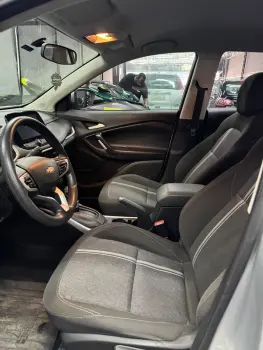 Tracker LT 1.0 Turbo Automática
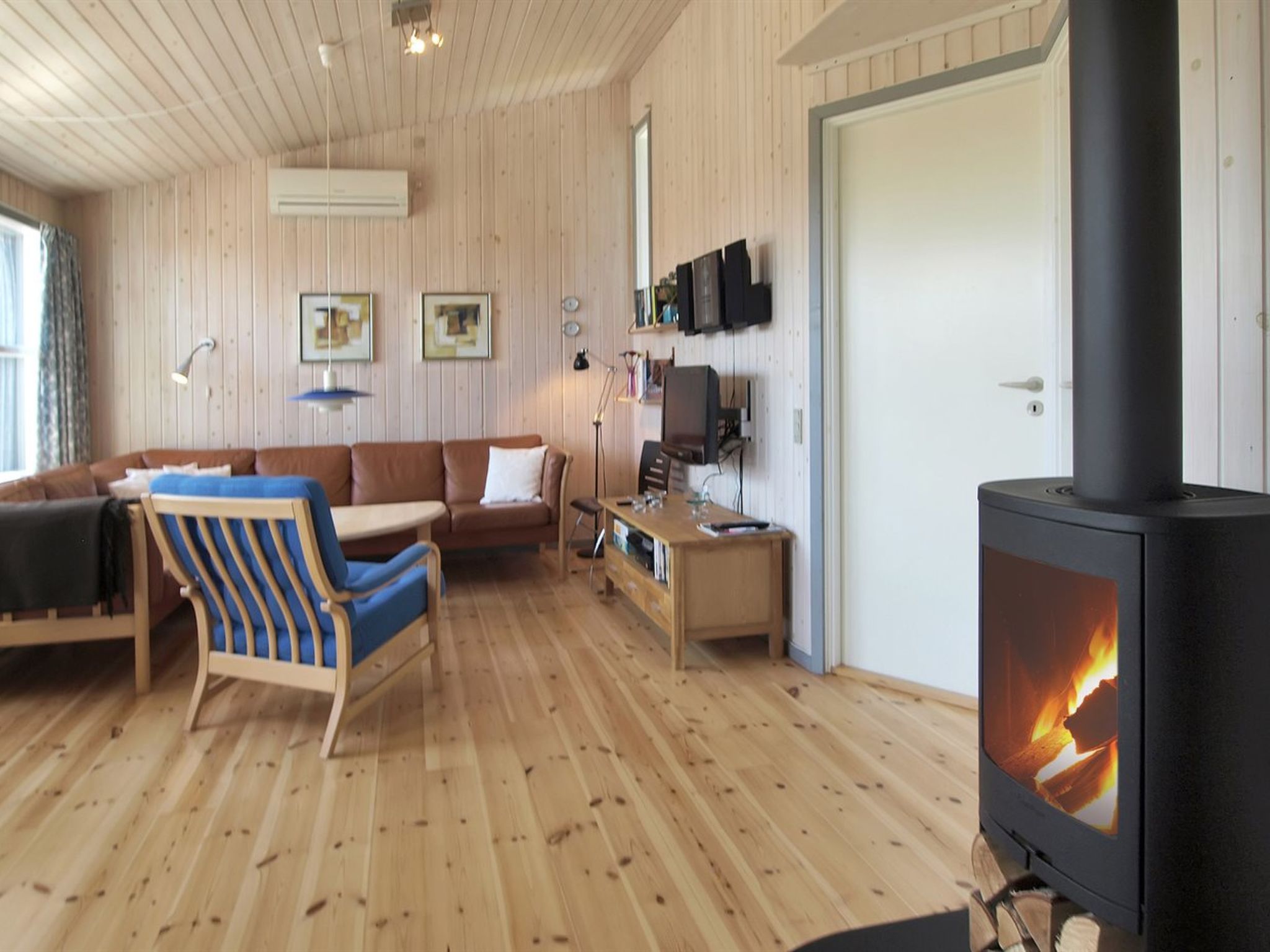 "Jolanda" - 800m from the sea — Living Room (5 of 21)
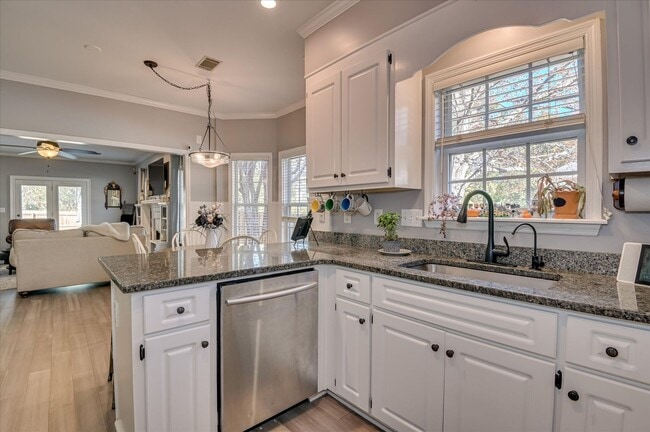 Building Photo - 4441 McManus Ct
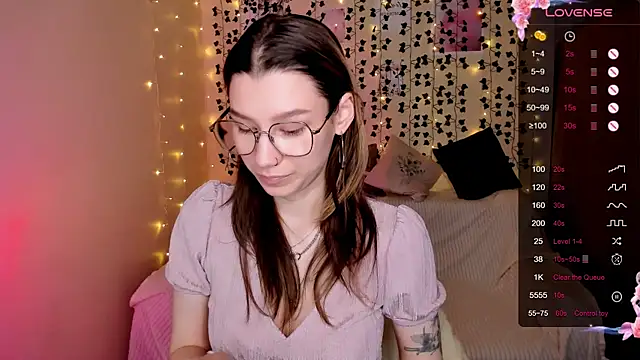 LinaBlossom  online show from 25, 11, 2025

→ Problem description
Only the lines from the line holding "Building Photo - 4441 McManus Ct" through the last line above belong in the answer, repeated exactly; the pictures do not.

→ Completed task
 Building Photo - 4441 McManus Ct
 LinaBlossom  online show from 25, 11, 2025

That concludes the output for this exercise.